__ABOUT THIS EXERCISE__:
From the first record to the last, write out each one exactly.

__INFORMATION__:

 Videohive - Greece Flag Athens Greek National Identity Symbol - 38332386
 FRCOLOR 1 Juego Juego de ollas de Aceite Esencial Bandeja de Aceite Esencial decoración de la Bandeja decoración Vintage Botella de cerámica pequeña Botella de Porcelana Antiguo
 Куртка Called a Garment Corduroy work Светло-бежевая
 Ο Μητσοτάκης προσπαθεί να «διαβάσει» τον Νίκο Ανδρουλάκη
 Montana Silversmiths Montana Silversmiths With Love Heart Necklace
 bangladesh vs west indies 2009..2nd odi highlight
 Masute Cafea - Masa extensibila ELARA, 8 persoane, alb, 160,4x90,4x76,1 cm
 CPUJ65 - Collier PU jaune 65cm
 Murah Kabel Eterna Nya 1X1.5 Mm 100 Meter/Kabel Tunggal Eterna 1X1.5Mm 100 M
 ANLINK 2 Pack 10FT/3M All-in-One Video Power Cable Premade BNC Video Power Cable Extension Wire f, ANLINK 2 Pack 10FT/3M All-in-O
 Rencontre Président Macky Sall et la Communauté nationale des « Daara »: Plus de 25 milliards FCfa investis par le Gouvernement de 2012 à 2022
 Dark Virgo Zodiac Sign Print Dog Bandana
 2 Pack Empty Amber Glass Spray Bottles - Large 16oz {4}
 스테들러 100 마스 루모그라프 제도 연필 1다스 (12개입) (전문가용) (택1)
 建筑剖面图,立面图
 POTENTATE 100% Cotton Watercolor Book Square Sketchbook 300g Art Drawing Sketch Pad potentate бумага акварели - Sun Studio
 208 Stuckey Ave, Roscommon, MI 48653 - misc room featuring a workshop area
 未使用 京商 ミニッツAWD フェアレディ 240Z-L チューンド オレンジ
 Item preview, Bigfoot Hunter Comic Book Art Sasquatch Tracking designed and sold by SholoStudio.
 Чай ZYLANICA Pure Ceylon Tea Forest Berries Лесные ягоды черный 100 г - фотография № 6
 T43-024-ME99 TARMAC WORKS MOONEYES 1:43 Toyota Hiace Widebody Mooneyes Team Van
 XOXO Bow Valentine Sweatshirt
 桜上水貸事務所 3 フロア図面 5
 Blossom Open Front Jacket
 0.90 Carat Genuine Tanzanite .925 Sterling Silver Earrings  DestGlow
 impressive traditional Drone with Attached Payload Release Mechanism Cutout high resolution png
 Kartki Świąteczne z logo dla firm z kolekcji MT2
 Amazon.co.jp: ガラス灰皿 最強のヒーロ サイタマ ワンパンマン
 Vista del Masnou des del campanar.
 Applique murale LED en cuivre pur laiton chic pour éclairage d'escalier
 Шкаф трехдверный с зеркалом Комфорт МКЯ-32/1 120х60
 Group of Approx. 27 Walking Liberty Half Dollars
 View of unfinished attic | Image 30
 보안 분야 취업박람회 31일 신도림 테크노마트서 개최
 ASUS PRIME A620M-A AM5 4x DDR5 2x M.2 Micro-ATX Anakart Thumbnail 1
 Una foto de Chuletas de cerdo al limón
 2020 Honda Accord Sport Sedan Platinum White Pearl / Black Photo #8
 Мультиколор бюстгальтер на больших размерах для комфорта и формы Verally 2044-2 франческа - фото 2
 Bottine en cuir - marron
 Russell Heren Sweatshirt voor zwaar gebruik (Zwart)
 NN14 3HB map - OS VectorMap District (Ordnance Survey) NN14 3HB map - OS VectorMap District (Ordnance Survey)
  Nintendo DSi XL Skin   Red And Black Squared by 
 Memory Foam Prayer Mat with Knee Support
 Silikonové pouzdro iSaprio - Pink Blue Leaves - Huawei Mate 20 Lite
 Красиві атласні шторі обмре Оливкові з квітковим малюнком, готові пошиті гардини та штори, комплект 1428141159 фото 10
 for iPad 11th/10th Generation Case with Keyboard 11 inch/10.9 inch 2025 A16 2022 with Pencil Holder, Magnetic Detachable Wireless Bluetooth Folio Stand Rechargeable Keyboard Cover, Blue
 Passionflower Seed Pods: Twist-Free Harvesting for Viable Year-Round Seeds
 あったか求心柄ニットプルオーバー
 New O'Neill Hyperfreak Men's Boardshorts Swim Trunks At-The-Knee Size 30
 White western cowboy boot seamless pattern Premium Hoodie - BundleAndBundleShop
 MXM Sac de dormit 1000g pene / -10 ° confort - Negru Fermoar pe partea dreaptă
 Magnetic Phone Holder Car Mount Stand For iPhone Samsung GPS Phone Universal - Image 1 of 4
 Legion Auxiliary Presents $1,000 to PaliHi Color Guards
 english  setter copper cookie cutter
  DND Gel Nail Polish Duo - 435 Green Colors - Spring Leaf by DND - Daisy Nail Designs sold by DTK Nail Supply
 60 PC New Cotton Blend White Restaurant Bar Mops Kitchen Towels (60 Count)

__RESULT OF THE TASK__:
 Videohive - Greece Flag Athens Greek National Identity Symbol - 38332386
 FRCOLOR 1 Juego Juego de ollas de Aceite Esencial Bandeja de Aceite Esencial decoración de la Bandeja decoración Vintage Botella de cerámica pequeña Botella de Porcelana Antiguo
 Куртка Called a Garment Corduroy work Светло-бежевая
 Ο Μητσοτάκης προσπαθεί να «διαβάσει» τον Νίκο Ανδρουλάκη
 Montana Silversmiths Montana Silversmiths With Love Heart Necklace
 bangladesh vs west indies 2009..2nd odi highlight
 Masute Cafea - Masa extensibila ELARA, 8 persoane, alb, 160,4x90,4x76,1 cm
 CPUJ65 - Collier PU jaune 65cm
 Murah Kabel Eterna Nya 1X1.5 Mm 100 Meter/Kabel Tunggal Eterna 1X1.5Mm 100 M
 ANLINK 2 Pack 10FT/3M All-in-One Video Power Cable Premade BNC Video Power Cable Extension Wire f, ANLINK 2 Pack 10FT/3M All-in-O
 Rencontre Président Macky Sall et la Communauté nationale des « Daara »: Plus de 25 milliards FCfa investis par le Gouvernement de 2012 à 2022
 Dark Virgo Zodiac Sign Print Dog Bandana
 2 Pack Empty Amber Glass Spray Bottles - Large 16oz {4}
 스테들러 100 마스 루모그라프 제도 연필 1다스 (12개입) (전문가용) (택1)
 建筑剖面图,立面图
 POTENTATE 100% Cotton Watercolor Book Square Sketchbook 300g Art Drawing Sketch Pad potentate бумага акварели - Sun Studio
 208 Stuckey Ave, Roscommon, MI 48653 - misc room featuring a workshop area
 未使用 京商 ミニッツAWD フェアレディ 240Z-L チューンド オレンジ
 Item preview, Bigfoot Hunter Comic Book Art Sasquatch Tracking designed and sold by SholoStudio.
 Чай ZYLANICA Pure Ceylon Tea Forest Berries Лесные ягоды черный 100 г - фотография № 6
 T43-024-ME99 TARMAC WORKS MOONEYES 1:43 Toyota Hiace Widebody Mooneyes Team Van
 XOXO Bow Valentine Sweatshirt
 桜上水貸事務所 3 フロア図面 5
 Blossom Open Front Jacket
 0.90 Carat Genuine Tanzanite .925 Sterling Silver Earrings  DestGlow
 impressive traditional Drone with Attached Payload Release Mechanism Cutout high resolution png
 Kartki Świąteczne z logo dla firm z kolekcji MT2
 Amazon.co.jp: ガラス灰皿 最強のヒーロ サイタマ ワンパンマン
 Vista del Masnou des del campanar.
 Applique murale LED en cuivre pur laiton chic pour éclairage d'escalier
 Шкаф трехдверный с зеркалом Комфорт МКЯ-32/1 120х60
 Group of Approx. 27 Walking Liberty Half Dollars
 View of unfinished attic | Image 30
 보안 분야 취업박람회 31일 신도림 테크노마트서 개최
 ASUS PRIME A620M-A AM5 4x DDR5 2x M.2 Micro-ATX Anakart Thumbnail 1
 Una foto de Chuletas de cerdo al limón
 2020 Honda Accord Sport Sedan Platinum White Pearl / Black Photo #8
 Мультиколор бюстгальтер на больших размерах для комфорта и формы Verally 2044-2 франческа - фото 2
 Bottine en cuir - marron
 Russell Heren Sweatshirt voor zwaar gebruik (Zwart)
 NN14 3HB map - OS VectorMap District (Ordnance Survey) NN14 3HB map - OS VectorMap District (Ordnance Survey)
  Nintendo DSi XL Skin   Red And Black Squared by 
 Memory Foam Prayer Mat with Knee Support
 Silikonové pouzdro iSaprio - Pink Blue Leaves - Huawei Mate 20 Lite
 Красиві атласні шторі обмре Оливкові з квітковим малюнком, готові пошиті гардини та штори, комплект 1428141159 фото 10
 for iPad 11th/10th Generation Case with Keyboard 11 inch/10.9 inch 2025 A16 2022 with Pencil Holder, Magnetic Detachable Wireless Bluetooth Folio Stand Rechargeable Keyboard Cover, Blue
 Passionflower Seed Pods: Twist-Free Harvesting for Viable Year-Round Seeds
 あったか求心柄ニットプルオーバー
 New O'Neill Hyperfreak Men's Boardshorts Swim Trunks At-The-Knee Size 30
 White western cowboy boot seamless pattern Premium Hoodie - BundleAndBundleShop
 MXM Sac de dormit 1000g pene / -10 ° confort - Negru Fermoar pe partea dreaptă
 Magnetic Phone Holder Car Mount Stand For iPhone Samsung GPS Phone Universal - Image 1 of 4
 Legion Auxiliary Presents $1,000 to PaliHi Color Guards
 english  setter copper cookie cutter
  DND Gel Nail Polish Duo - 435 Green Colors - Spring Leaf by DND - Daisy Nail Designs sold by DTK Nail Supply
 60 PC New Cotton Blend White Restaurant Bar Mops Kitchen Towels (60 Count)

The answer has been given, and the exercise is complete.